Thursday, July 03, 2008

Penalty requst denied

Attorney avoids sanction
for late information

By David Baker
Posted Thursday, July 3, 2008

A request for a penalty against an attorney representing Samaritan Hospital for failing to provide information about blood glucose meters within the required 30 days was denied at a hearing this week.

My demand for the make and model of meters in use at the time Lisa was found in her hospital bed near death and – according to the hospital’s own records, with a glucose level at just 2 – was made back in April after the hospital’s attorneys claimed in a legal document that these meters are inaccurate at low glucose levels.

Lisa became partially conscious but unable to speak when sedation was removed three days after she collapsed on November 11, 2003. She then became completely unresponsive and died on December 2.

In their continuing defense of the lawsuit, the attorneys had a doctor claim in an affidavit that Lisa’s glucose level when she was found unconscious was really a safe 80 – even though she was immediately treated for severe hypoglycemia.

The doctor, Matthew Leinung of Albany Medical Center Hospital, claims to know that Lisa’s collapse was caused not by low blood sugar but by an abnormal heart beat.

He also asserts that rechecking blood sugar only once after an earlier episode of hypoglycemia, and not eating some complex carbohydrates – bread or crackers, after first stopping a glucose drop with rapidly absorbed orange juice – is not necessary, even though that is exactly what is called for in the hospital’s own written protocol on hypoglycemia, a protocol that one of the doctors treating Lisa had specifically ordered to be used if she became hypoglycemic.

Leinung’s assertion is not just wrong, it is dangerous.

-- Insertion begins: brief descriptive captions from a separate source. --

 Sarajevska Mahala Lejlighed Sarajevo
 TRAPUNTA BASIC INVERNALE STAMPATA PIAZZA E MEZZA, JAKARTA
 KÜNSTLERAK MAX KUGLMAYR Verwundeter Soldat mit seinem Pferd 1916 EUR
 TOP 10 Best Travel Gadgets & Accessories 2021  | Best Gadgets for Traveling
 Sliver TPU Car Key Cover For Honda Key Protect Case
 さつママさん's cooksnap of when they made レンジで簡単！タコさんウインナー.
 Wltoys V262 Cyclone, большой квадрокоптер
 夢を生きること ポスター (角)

If followed, it will cause injury and death. And it shows just how far members of the medical profession will go to protect each other from the consequences of their actions. This affidavit will likely haunt Leinung for years to come.

The information about the glucose meters was finally provided by attorney Kathleen Ryan on June 17 – six weeks after it was requested and more than three weeks past the time allowed.

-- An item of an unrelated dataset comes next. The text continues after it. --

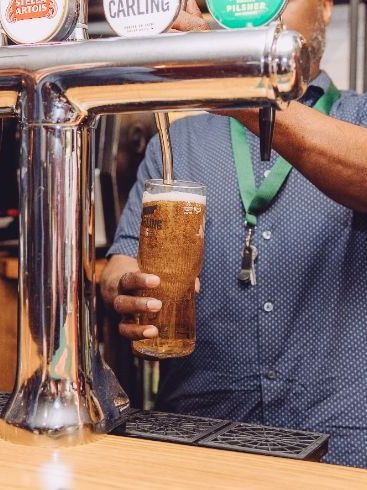 Matchday On Tap at The Victoria Inn 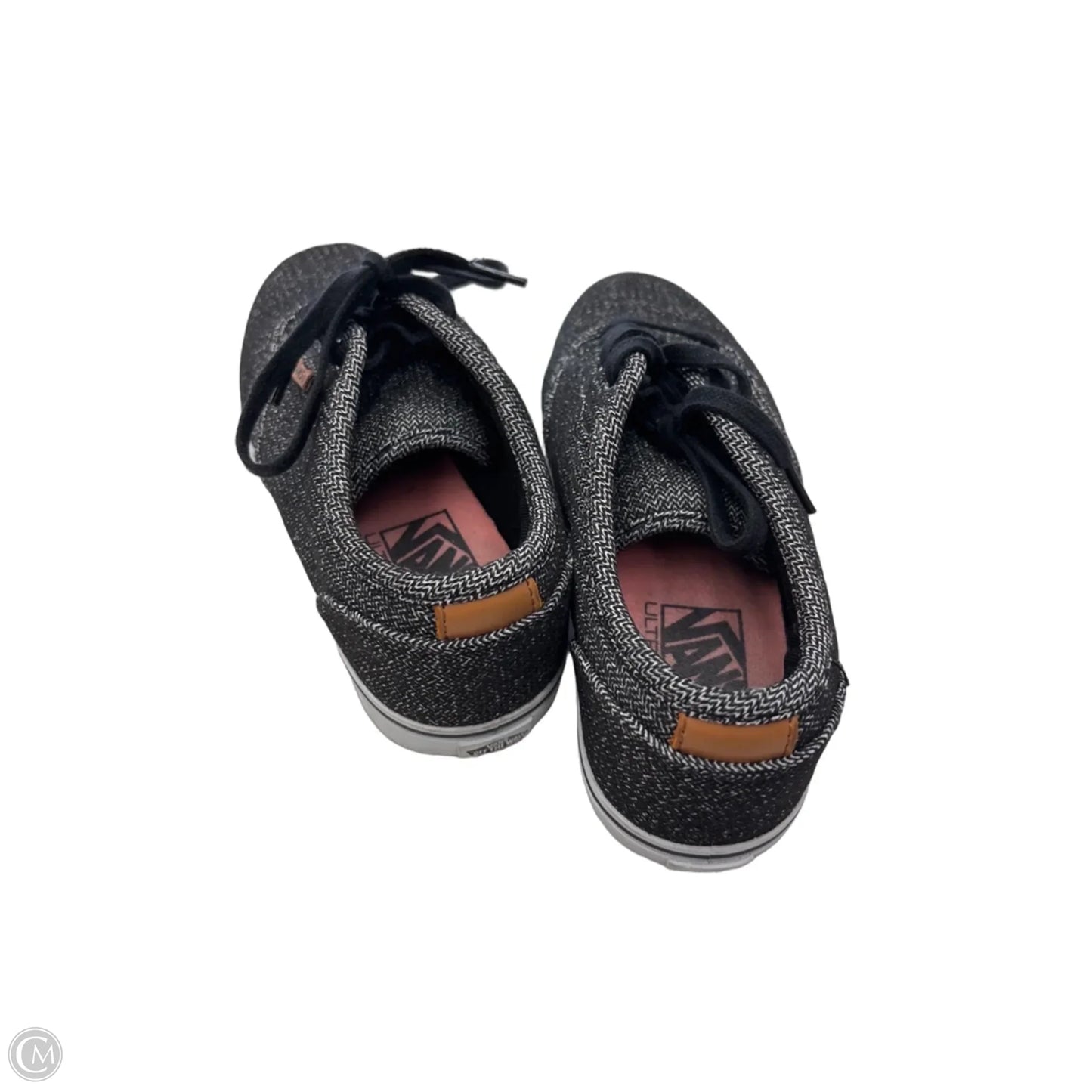 Shoes Sneakers By Vans In Black, Size: 7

A judge has the authority to impose a penalty for such conduct but Supreme Court Justice Stephen Ferradino declined to do so.

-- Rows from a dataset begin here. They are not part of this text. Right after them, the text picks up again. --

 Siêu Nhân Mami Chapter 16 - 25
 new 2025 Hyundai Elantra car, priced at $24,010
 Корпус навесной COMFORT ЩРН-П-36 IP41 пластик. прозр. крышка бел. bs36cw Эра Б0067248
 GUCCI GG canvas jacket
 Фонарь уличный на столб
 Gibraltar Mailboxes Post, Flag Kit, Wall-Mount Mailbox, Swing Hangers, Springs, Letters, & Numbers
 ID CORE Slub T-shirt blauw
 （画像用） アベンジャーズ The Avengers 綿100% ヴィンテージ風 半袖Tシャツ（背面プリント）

Ferradino wasn’t so lenient with me. In 2006 he ordered me to pay $100 to each of three law firms representing the defendants after attorney Stephen Coffey ignored Ferradino’s written instructions to notify the defense attorneys that he, Coffey, was reviewing the case with a view to taking it over. The money was for costs incurred by the attorneys in preparing and serving motions to have the case dismissed, motions they probably would not have served if they had received a letter from Coffey.

I paid the money to the defendants. Coffey said he would reimburse me but he did not do so until I had sued him in Small Claims Court, gone to a trial and then threatened to enforce the judgment I obtained from the court.